政治大臣有:吕夷简、范仲淹、鲁宗道、薛奎、蔡齐、陈光佐、韩亿、杜衍、庞籍、吴育、王尧臣、包拯、范祥、孔道辅、佘靖、胡宿、田况、王素、韩琦、富弼、文彦博、种世衡、狄青等。活跃在神宗、哲宗乃至徽宗前期的赵概、张方平、唐介、赵抃、吕海、范镇、曾公亮、王安石、司马光、吕公著、吕公弼、吕大防、吕惠卿、曾布、章惇、韩绛、韩维、韩忠彦、傅尧俞、彭汝砺、范纯仁、范纯礼、刘挚等一批重臣,也都是在仁宗朝培育的。

文学艺术上,张先、柳永、晏殊,宋庠、宋祁、尹洙、梅尧臣、苏舜钦、苏洵、欧阳修、曾巩、王令、苏轼、苏辙、黄庭坚、蔡襄、燕文贵、武宗元、许道宁、赵昌、易元吉、文同、郭熙、王诜等皆名重一世,流传至今。

思想学术上代表人物也是群星灿烂。如孙奭、刘敞、胡瑗、孙复、王介、李觏、张载、邵雍、周敦颐、程颢、程颐、吕大临、宋敏求、范祖禹、刘恕、刘叙等。

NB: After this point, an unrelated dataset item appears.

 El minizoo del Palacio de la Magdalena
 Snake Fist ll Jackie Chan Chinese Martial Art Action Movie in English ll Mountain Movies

科学技术领先人物:王唯一、钱乙、燕肃、毕昇、沈括、贾宪、苏颂等,真正是群星璀璨,光照千秋。

范仲淹这位“先天下之忧而忧,后天下之乐而乐”的庆历新政核心人物的出现,就突出显示了那一代士人的胸怀和风采。张载受范仲淹的影响是终身的。张载与苏轼、苏辙同出于欧阳修门下,告诉我们人才的脱颖而出,需要相应的环境和举措。苏东坡因此说:“仁宗之世,号为多士,三世孙,赖以为用。”明李贽更推崇宋仁宗朝为“钜公辈出,千载一时也”。上述仁宗朝,以至神宗、哲宗的人物谱,告诉我们北宋早期的社会风尚和士大夫的意气风发互为因果。

我们需要讲到关中,唐末,全国政治经济东移,但关中自古儒学积淀深厚。据研究,10世纪至11世纪上半叶,关中地区传统的贵族家族逐渐被依靠科举的官僚家族取代,杰出的士人大多以在朝而立身扬名,然而随着时间推移,由张载及其弟子引领的精英家族越来越多地乐于在地方上发挥他们的影响力。“蓝田五吕”特别是《吕氏乡约》,就是张载《西铭》蓝图在乡村基层落实的一个范例,当然这只是一个方面。

张载正是在北宋这样的大格局下,把重建上古体系视为变革当时世界的必由之途,而这种主张来自他的深刻思考,这就是他不同以往的、也不同于王安石的把握宇宙运行以及政治与学术关系的思想路径和认知模式形成的原由。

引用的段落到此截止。